MATERIAL SUPPLIED
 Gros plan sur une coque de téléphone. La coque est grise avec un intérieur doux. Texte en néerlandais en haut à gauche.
--
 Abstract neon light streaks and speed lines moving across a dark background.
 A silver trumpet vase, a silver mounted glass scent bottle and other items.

TASK GOAL
Of the lines above, output exactly those from the line bearing "Abstract neon light" through the line bearing "A silver trumpet", inclusive.

FINISHED EXERCISE
 Abstract neon light streaks and speed lines moving across a dark background.
 A silver trumpet vase, a silver mounted glass scent bottle and other items.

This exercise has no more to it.